= Jeanne-Marie Marsan =

American actress

Jeanne-Marie Marsan, born Chapiseau (1746 – 25 February 1807), was a French dramatic actress and an opera singer, active in France, the Holy Roman Empire, the French West Indies and Louisiana. She was the leading actress and opera singer in Saint-Domingue (pre-revolutionary Haiti), and later in the first theatre in New Orleans in Louisiana.

== Biography ==

Born in the Faubourg Saint-Germain of Paris, she married the actor Pierre Legendre Marsan, who was forced to flee from France to Martinique in 1765. Jeanne-Marie stayed in France and during the following ten years made herself famous on the stages of Paris, the French provinces, and Germany before travelling with her children to join her husband in Martinique in 1775, where she made a successful debut on the stage of the theatre in Saint-Pierre.

===Saint Domingue===
In 1780, Marsan and her family moved to Haiti, where she was hired at the Cap-Français theatre and became the leading actress and singer in the colony. She was renowned for her versatility, performing in tragedy, comedy, spoken drama and opera. A letter that appeared in a Port-au-Prince newspaper on 10 March 1787 praised her performance in the role of "Nina":

It is said that Mme. Dugazon's performance of this role is actually terrifying, and that she spent several months in the insane asylums in Paris in order to study it. . .Mme. Marsan, at the Cap. . .played this role before my eyes in such a lifelike manner that it actually made me suffer. Permit me, Sir, to take advantage of this opportunity to do homage to that adorable actress. If she were at the Théâtre Italien, her name would be as famous as that of Dugazon, the elder Sainval, Contat, and others like them; for Mme. Marsan possesses in an eminent degree the talent for high comedy and for comic opera. Let anyone try to name an actress who can, like her, play in a single night, and with such perfection, "Elmire" in Tartuffe and the title role in La Servante Maîtresse, "Babet" and the "Gouvernante," "Rosalie" in Jenneval and "Clémentine" in Le Magnifique.
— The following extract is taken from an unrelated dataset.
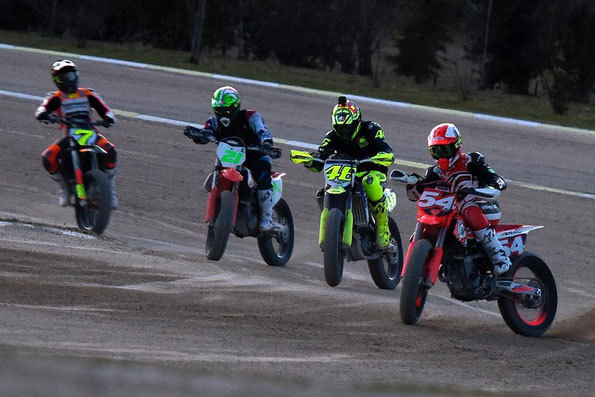 Valentino Rossi bersama rider-rider VR46 Riders Academy dalam sesi Americana Race. (c) Instagram/Valentino Rossi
In June 1793, Marsan was likely among the 10.000. refugees evacuated from Cap-Francais on American ships during the Great Fire and Pillage of Cap-Français. During the incident, most of the city was burnt and the white population took refuge in the ships of the harbour, and eyewitnesses describes scenes in which the rebels put on the costume from the Comédie du Cap. Many of the actor of the theatre were to have been in New Orleans in 1794.

===New Orleans===
In the 1795–96 season, Marsan is confirmed to have been in New Orleans as the leading actress and singer of the Théâtre de la Rue Saint Pierre in New Orleans. Marsan is believed to have sung the principal female part in Silvain – reputed to be the first opera ever performed in New Orleans – on 22 May 1796. She was already famous for this role in Haiti. When the order of the theatre was established in the contract of 1797, she was among the actors granted benefit performances, and together with Clerville and Delaure, the highest-paid actor altogether with a salary of §70.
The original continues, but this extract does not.